**What this task involves**
Output exactly what appears from the line containing "Obraz premium A" to the end of the data below, and nothing more.

[Scraped caption text data]
"""

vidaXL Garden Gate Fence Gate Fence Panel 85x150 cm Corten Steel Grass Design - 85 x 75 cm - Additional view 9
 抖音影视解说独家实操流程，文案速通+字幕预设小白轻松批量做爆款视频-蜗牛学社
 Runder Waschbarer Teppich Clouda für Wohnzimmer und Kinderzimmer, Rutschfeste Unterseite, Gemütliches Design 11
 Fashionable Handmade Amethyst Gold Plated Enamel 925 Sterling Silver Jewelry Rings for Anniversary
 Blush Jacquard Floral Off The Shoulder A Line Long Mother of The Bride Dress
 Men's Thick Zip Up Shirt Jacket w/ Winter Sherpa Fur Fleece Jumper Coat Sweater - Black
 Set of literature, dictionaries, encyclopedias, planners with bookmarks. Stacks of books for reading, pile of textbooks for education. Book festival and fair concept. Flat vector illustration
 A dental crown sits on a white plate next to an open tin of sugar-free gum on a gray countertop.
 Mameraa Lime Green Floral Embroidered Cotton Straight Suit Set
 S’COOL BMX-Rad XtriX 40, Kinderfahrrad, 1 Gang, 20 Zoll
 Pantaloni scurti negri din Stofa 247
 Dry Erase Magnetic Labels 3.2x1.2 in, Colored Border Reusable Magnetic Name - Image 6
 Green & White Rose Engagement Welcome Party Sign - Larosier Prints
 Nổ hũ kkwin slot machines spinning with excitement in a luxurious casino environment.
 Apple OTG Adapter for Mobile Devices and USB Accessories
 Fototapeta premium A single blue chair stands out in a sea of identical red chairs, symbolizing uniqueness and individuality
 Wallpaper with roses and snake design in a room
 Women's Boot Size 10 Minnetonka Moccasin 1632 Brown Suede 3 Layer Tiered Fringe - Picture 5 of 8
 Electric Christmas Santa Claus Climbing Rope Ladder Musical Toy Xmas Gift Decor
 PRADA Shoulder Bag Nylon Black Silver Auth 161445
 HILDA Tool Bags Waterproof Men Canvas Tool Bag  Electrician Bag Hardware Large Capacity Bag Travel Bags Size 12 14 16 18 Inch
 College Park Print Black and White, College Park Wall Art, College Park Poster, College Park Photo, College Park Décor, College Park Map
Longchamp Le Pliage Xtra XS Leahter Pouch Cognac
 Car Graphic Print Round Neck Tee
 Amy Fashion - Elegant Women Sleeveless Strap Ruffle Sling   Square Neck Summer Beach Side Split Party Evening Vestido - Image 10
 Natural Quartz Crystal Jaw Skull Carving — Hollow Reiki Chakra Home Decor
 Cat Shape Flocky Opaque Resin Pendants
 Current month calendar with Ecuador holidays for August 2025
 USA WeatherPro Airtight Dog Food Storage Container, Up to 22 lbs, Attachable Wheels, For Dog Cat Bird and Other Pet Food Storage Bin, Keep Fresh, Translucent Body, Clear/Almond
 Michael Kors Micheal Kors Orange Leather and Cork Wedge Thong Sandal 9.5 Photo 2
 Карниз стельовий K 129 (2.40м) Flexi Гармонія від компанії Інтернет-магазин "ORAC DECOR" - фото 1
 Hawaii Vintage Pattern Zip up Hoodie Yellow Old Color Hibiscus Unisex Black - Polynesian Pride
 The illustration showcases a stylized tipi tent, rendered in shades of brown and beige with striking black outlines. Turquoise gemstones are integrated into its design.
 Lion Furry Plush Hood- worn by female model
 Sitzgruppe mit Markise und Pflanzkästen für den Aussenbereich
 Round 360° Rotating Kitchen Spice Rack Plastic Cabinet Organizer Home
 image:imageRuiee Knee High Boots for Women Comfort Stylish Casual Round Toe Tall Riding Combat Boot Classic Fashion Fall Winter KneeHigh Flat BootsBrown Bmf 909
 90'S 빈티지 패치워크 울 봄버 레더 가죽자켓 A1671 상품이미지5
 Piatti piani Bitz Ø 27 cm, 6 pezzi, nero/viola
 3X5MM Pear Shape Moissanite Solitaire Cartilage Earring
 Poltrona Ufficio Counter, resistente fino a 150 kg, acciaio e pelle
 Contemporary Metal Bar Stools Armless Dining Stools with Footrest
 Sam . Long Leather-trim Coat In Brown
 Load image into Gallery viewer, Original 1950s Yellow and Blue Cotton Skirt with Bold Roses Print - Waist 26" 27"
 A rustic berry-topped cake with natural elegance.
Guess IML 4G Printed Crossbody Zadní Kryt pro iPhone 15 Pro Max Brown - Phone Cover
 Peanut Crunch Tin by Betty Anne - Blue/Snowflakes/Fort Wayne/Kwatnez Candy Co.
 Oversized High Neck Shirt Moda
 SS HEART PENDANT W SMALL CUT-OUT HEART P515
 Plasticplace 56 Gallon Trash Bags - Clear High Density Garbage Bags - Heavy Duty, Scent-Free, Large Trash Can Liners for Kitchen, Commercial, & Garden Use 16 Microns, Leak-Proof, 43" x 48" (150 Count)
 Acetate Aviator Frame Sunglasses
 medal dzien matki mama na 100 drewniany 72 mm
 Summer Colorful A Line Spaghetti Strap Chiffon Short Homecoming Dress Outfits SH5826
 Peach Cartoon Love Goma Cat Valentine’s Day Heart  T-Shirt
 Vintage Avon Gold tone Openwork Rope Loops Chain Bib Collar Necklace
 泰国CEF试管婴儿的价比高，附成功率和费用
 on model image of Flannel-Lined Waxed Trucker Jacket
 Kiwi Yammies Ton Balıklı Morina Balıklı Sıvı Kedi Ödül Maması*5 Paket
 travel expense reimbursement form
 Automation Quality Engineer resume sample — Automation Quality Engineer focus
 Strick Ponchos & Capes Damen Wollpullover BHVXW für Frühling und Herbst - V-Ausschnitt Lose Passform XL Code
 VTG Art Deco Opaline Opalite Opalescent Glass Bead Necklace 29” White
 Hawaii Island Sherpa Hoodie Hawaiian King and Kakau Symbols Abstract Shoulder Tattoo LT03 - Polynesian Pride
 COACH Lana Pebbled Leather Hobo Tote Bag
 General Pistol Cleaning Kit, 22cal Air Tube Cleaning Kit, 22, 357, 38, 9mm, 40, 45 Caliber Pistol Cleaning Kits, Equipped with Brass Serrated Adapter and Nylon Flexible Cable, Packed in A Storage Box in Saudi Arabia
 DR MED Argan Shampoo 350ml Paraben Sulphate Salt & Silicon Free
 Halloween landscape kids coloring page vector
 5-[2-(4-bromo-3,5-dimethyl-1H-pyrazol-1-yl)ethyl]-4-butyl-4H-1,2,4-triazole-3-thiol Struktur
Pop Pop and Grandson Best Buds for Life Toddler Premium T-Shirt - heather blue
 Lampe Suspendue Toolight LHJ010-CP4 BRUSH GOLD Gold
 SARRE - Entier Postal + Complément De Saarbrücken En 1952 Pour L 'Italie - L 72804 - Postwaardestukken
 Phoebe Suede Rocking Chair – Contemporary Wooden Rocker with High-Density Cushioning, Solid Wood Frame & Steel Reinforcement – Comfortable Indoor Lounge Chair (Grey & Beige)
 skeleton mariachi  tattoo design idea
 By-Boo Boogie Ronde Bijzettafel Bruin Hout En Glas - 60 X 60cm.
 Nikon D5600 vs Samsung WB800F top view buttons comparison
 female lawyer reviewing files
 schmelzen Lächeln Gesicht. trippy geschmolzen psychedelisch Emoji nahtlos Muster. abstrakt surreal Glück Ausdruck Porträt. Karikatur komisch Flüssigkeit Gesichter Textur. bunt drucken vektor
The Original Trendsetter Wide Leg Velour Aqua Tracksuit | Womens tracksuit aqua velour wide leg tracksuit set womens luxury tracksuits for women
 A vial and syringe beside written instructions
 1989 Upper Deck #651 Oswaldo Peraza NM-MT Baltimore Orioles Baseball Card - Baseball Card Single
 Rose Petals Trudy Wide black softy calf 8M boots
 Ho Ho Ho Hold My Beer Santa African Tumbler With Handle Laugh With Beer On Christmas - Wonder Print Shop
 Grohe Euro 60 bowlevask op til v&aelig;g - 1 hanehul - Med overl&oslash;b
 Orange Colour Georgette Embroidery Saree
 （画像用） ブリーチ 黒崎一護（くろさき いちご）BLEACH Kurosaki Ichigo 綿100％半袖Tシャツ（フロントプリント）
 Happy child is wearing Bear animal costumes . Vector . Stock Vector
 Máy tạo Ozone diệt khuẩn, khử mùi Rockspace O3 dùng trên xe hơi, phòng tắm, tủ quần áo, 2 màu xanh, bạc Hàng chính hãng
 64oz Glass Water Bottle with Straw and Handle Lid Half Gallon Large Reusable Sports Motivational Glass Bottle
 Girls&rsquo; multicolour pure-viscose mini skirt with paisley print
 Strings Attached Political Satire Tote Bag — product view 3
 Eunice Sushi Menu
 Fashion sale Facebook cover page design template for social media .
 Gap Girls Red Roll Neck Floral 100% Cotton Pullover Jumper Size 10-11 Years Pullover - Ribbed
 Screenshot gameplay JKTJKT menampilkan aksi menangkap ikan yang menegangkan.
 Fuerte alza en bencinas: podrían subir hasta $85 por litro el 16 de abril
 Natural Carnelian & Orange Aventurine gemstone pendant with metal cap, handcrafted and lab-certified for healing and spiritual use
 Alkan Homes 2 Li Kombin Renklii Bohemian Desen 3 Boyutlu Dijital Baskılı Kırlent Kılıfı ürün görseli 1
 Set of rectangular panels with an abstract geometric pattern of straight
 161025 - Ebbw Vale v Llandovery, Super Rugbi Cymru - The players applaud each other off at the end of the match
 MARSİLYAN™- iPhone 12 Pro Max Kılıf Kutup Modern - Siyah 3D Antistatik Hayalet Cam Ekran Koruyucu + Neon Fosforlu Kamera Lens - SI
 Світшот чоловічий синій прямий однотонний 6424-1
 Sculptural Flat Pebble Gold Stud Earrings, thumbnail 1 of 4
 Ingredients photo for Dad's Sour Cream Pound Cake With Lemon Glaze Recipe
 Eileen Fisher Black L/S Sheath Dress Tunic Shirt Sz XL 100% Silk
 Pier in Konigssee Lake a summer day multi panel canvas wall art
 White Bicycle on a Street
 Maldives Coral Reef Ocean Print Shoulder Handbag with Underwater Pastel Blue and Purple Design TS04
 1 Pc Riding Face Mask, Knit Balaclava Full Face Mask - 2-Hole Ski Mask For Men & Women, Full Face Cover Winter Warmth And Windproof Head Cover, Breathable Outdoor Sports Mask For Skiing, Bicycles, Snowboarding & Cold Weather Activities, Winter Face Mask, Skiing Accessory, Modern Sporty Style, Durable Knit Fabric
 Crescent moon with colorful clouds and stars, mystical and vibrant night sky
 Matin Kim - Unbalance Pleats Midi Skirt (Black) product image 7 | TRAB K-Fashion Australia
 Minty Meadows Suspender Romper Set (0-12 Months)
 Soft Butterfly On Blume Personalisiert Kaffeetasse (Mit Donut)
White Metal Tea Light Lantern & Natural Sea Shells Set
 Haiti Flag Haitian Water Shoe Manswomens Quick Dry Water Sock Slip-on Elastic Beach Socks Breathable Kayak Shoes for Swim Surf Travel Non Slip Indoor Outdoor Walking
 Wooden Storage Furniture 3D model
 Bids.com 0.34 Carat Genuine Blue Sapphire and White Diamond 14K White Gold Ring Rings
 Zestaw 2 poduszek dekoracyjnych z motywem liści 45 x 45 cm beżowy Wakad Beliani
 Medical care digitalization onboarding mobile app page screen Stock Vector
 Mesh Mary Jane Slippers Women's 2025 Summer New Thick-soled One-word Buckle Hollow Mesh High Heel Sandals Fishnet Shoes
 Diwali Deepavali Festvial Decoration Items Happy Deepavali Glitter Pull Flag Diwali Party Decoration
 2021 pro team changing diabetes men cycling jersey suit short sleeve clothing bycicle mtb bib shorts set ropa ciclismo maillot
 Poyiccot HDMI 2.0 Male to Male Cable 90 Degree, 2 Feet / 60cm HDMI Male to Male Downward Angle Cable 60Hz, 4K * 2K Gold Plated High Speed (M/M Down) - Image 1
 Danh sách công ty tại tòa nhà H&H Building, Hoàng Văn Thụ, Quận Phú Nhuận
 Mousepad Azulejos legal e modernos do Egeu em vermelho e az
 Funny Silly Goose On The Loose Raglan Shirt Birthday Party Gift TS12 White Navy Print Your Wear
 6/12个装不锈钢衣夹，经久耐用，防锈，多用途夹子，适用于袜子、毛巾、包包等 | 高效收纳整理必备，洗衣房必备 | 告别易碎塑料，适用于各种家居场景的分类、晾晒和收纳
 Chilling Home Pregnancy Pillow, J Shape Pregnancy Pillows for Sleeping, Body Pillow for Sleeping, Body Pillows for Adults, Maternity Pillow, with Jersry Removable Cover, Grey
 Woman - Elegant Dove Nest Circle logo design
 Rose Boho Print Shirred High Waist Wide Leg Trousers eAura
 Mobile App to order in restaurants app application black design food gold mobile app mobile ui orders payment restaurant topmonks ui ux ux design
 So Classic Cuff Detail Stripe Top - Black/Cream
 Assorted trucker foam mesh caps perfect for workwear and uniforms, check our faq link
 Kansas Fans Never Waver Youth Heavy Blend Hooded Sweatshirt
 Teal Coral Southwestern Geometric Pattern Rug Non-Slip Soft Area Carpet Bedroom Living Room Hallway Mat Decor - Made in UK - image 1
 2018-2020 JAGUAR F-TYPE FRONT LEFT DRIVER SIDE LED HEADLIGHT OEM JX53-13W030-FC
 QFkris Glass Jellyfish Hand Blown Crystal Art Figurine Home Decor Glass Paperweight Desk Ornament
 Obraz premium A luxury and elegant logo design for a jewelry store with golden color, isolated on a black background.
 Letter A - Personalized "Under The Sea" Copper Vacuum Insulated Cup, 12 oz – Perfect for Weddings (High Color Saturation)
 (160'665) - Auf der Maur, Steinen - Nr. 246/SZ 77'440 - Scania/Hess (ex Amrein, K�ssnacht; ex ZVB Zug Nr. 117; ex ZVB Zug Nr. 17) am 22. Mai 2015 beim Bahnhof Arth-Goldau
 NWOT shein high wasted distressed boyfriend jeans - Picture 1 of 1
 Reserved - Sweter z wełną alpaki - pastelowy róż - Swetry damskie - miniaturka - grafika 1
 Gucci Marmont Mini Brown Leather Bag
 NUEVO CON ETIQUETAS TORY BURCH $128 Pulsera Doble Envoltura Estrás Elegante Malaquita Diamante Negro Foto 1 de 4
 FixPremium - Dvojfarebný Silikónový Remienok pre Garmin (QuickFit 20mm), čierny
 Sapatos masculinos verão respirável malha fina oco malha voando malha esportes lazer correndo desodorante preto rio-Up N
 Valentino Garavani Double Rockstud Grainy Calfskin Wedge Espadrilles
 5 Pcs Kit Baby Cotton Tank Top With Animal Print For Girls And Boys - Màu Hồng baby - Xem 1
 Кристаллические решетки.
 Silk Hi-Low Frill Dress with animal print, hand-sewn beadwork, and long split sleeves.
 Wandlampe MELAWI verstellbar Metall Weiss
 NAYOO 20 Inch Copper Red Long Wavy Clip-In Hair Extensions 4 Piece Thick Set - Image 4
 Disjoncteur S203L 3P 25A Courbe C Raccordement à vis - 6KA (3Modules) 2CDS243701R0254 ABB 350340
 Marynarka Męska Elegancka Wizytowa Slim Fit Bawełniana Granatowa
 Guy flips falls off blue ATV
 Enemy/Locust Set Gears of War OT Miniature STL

"""

**Exercise solution**
 Obraz premium A luxury and elegant logo design for a jewelry store with golden color, isolated on a black background.
 Letter A - Personalized "Under The Sea" Copper Vacuum Insulated Cup, 12 oz – Perfect for Weddings (High Color Saturation)
 (160'665) - Auf der Maur, Steinen - Nr. 246/SZ 77'440 - Scania/Hess (ex Amrein, K�ssnacht; ex ZVB Zug Nr. 117; ex ZVB Zug Nr. 17) am 22. Mai 2015 beim Bahnhof Arth-Goldau
 NWOT shein high wasted distressed boyfriend jeans - Picture 1 of 1
 Reserved - Sweter z wełną alpaki - pastelowy róż - Swetry damskie - miniaturka - grafika 1
 Gucci Marmont Mini Brown Leather Bag
 NUEVO CON ETIQUETAS TORY BURCH $128 Pulsera Doble Envoltura Estrás Elegante Malaquita Diamante Negro Foto 1 de 4
 FixPremium - Dvojfarebný Silikónový Remienok pre Garmin (QuickFit 20mm), čierny
 Sapatos masculinos verão respirável malha fina oco malha voando malha esportes lazer correndo desodorante preto rio-Up N
 Valentino Garavani Double Rockstud Grainy Calfskin Wedge Espadrilles
 5 Pcs Kit Baby Cotton Tank Top With Animal Print For Girls And Boys - Màu Hồng baby - Xem 1
 Кристаллические решетки.
 Silk Hi-Low Frill Dress with animal print, hand-sewn beadwork, and long split sleeves.
 Wandlampe MELAWI verstellbar Metall Weiss
 NAYOO 20 Inch Copper Red Long Wavy Clip-In Hair Extensions 4 Piece Thick Set - Image 4
 Disjoncteur S203L 3P 25A Courbe C Raccordement à vis - 6KA (3Modules) 2CDS243701R0254 ABB 350340
 Marynarka Męska Elegancka Wizytowa Slim Fit Bawełniana Granatowa
 Guy flips falls off blue ATV
 Enemy/Locust Set Gears of War OT Miniature STL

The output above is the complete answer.